Top of GIVEN RECORDS
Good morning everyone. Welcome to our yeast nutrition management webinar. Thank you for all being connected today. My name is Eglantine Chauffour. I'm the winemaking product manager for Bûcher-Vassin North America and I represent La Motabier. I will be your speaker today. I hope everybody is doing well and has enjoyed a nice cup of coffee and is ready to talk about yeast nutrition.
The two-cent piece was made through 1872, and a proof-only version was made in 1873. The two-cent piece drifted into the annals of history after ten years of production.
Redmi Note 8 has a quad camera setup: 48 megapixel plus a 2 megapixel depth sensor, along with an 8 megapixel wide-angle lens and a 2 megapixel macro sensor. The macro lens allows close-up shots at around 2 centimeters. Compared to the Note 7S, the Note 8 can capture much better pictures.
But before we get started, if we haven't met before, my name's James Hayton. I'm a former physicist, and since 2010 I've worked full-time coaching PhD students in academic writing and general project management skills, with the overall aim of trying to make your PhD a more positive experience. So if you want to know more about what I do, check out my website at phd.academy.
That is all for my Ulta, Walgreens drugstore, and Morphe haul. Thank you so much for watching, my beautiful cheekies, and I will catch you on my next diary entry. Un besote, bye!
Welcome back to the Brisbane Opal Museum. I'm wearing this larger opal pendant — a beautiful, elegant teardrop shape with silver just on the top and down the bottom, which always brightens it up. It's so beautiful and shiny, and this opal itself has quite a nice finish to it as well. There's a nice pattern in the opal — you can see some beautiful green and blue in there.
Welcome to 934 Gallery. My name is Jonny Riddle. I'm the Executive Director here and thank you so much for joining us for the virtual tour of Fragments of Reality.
Bottom of GIVEN RECORDS
Top of GIVEN RECORDS
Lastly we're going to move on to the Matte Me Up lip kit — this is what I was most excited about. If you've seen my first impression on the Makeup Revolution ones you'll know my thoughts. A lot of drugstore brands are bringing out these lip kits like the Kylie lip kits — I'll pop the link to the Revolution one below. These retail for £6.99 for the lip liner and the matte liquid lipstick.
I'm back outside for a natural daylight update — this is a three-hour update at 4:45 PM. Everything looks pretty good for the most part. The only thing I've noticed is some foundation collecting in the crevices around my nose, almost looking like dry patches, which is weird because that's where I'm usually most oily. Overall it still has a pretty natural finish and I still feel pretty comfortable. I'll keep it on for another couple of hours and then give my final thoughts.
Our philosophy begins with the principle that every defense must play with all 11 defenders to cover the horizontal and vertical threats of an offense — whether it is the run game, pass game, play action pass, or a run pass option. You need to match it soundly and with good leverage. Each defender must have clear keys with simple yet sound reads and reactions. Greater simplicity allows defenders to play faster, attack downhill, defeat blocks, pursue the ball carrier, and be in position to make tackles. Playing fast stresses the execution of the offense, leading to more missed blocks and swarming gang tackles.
Bottom of GIVEN RECORDS
WHAT IS REQUIRED
Given the records above, reproduce precisely and only the lines between the line holding "Welcome back to" and the line holding "Welcome to 934", inclusive.

THE COMPLETED TASK
Welcome back to the Brisbane Opal Museum. I'm wearing this larger opal pendant — a beautiful, elegant teardrop shape with silver just on the top and down the bottom, which always brightens it up. It's so beautiful and shiny, and this opal itself has quite a nice finish to it as well. There's a nice pattern in the opal — you can see some beautiful green and blue in there.
Welcome to 934 Gallery. My name is Jonny Riddle. I'm the Executive Director here and thank you so much for joining us for the virtual tour of Fragments of Reality.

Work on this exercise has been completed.